「天子ヶ岳の瓔珞つつじ」についていろいろと調べてみました。
「明治新撰駿河国誌」(明治30年)には次のように書かれています。(コマ番号28/103)
http://dl.ndl.go.jp/info:ndljp/pid/765155/28「天子ヶ嶽 或はきりう山といふ
山下に古塚あり何人を葬りしを知らず或は云古皇女の塚なりとこれに関し里傳あれとも信じ難し塚側に躑躅(つつじ)の大樹あり里人呼で瑶珞躑躅といふ」
「地理教育:富士登山唱歌」(明治42年)には以下のように書かれています。(コマ番号11/25)

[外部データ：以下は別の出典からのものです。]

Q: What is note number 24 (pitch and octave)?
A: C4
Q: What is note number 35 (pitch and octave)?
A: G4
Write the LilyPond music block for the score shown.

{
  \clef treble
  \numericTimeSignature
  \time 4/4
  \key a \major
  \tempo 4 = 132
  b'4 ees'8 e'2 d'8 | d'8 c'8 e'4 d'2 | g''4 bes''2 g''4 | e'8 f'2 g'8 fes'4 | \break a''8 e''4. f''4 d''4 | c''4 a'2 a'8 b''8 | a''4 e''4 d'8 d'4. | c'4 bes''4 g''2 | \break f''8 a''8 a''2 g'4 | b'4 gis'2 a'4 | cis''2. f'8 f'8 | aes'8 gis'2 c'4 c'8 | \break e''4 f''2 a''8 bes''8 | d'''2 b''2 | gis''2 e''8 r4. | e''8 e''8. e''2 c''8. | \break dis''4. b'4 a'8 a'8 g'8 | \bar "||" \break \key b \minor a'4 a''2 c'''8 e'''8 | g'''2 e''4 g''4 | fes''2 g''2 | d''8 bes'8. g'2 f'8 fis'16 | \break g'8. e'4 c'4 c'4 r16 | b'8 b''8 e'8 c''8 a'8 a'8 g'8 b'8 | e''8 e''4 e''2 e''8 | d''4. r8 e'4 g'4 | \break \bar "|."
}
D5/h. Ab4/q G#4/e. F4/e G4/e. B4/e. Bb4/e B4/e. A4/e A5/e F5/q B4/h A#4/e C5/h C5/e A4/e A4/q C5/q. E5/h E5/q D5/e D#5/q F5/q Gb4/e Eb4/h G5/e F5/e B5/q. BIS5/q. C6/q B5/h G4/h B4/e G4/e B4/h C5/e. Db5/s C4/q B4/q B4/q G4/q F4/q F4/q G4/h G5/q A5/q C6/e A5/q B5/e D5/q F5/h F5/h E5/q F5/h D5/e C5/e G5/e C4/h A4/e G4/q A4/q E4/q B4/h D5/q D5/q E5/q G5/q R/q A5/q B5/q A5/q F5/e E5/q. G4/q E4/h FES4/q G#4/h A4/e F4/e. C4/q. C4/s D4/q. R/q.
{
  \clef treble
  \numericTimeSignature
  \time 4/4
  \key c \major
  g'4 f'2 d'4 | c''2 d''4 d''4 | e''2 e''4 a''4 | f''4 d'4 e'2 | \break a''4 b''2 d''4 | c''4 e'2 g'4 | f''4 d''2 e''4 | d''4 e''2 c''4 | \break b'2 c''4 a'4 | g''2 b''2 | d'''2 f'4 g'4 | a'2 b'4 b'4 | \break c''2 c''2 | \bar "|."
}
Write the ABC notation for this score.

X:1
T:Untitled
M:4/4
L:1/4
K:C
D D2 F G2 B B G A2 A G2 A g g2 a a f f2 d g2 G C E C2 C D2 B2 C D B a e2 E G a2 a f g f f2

http://dl.ndl.go.jp/info:ndljp/pid/855711/11「天子ヶ岳ハ山上ニ古塚アリ是昔皇女ヲ奉葬シタルナリト其躑躅ハ花冠瓔珞ニ似タル奇花ヲ開クヲ以テ其名高ク其ノ山麓白糸村内野ニハ長者ヶ池(一名田貫沼)ト称スル小湖アリ是尹良親王ノ館趾ナリト傳フ」
同じ明治42年に出版された「富士駅名所案内」には皇女ではなく、源頼朝の妻の伝説として別伝が載せられています。(コマ番号7/28)
http://dl.ndl.go.jp/info:ndljp/pid/765279/7「山嶺に古塚あり何人を葬りしを知らずと雖も或は云ふ源頼朝公の妻上つ方より来られし高位の御姫君にして御滅後には此山嶺の葬れりといふ当時紀念として十三輪の躑躅を植ゆ今は繁茂して大樹となれり里人呼で瓔珞躑躅といふ」
さらに大正15年出版の「山行記」には、やはり皇女の伝説として次のように出ています。(コマ番号106/234)
http://dl.ndl.go.jp/info:ndljp/pid/1020508/102「昔、ある皇女が、皇子を慕ふて此處まで来て遂に逝かれたので、里人これを悲しみ京都に面するの場所に葬つて、その瓔珞の冠を祠前に埋めた。これに生へた躑躅が、即ち今祠前にある瓔珞躑躅である、といふ傳説である。」
天子ヶ岳には、源頼朝や宗良親王にまつわる伝説があるようです。
皇女のお婿さんの炭焼きの松五郎の話が、いつごろから伝承されるようになったのか?たいへん興味がありますね。